Required work -
Write every line of the material again exactly, with no pictures in the copy.

Record excerpts -
- - - - -

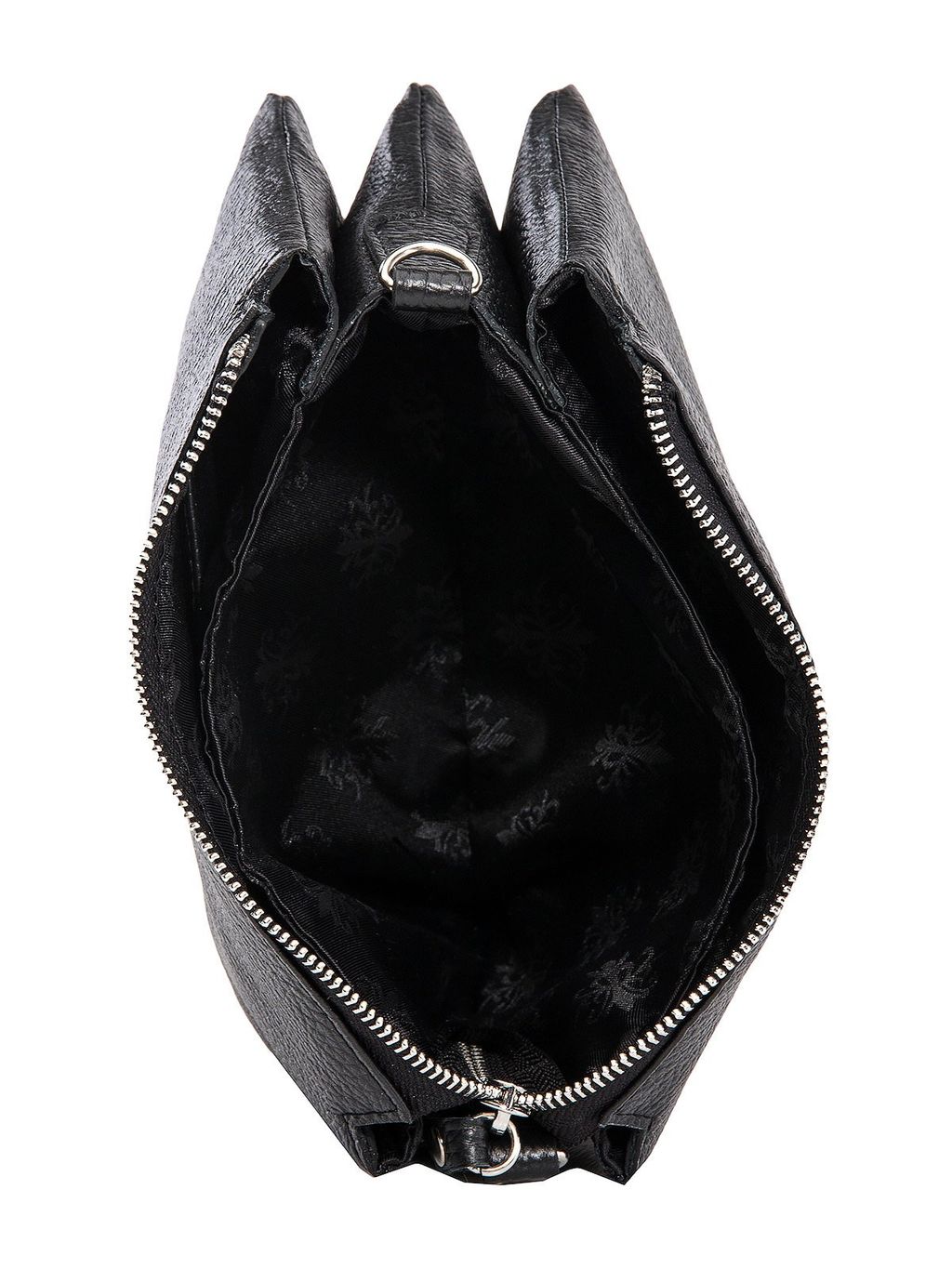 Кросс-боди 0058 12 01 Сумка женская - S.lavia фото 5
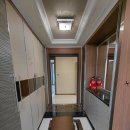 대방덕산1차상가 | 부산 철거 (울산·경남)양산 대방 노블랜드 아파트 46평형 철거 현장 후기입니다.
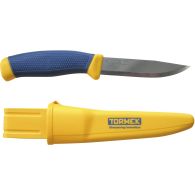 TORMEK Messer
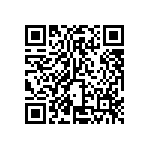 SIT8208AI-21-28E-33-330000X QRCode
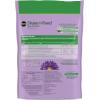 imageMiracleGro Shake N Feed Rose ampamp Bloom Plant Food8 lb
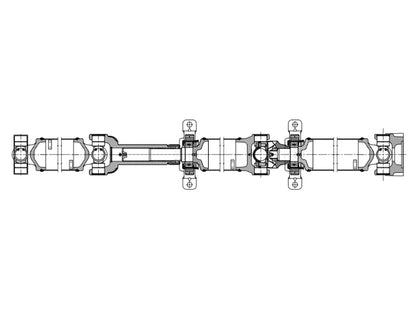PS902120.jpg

- - - - -

Task output -
 Кросс-боди 0058 12 01 Сумка женская - S.lavia фото 5
 대방덕산1차상가 | 부산 철거 (울산·경남)양산 대방 노블랜드 아파트 46평형 철거 현장 후기입니다.
 TORMEK Messer
 SIT8208AI-21-28E-33-330000X QRCode
 imageMiracleGro Shake N Feed Rose ampamp Bloom Plant Food8 lb
PS902120.jpg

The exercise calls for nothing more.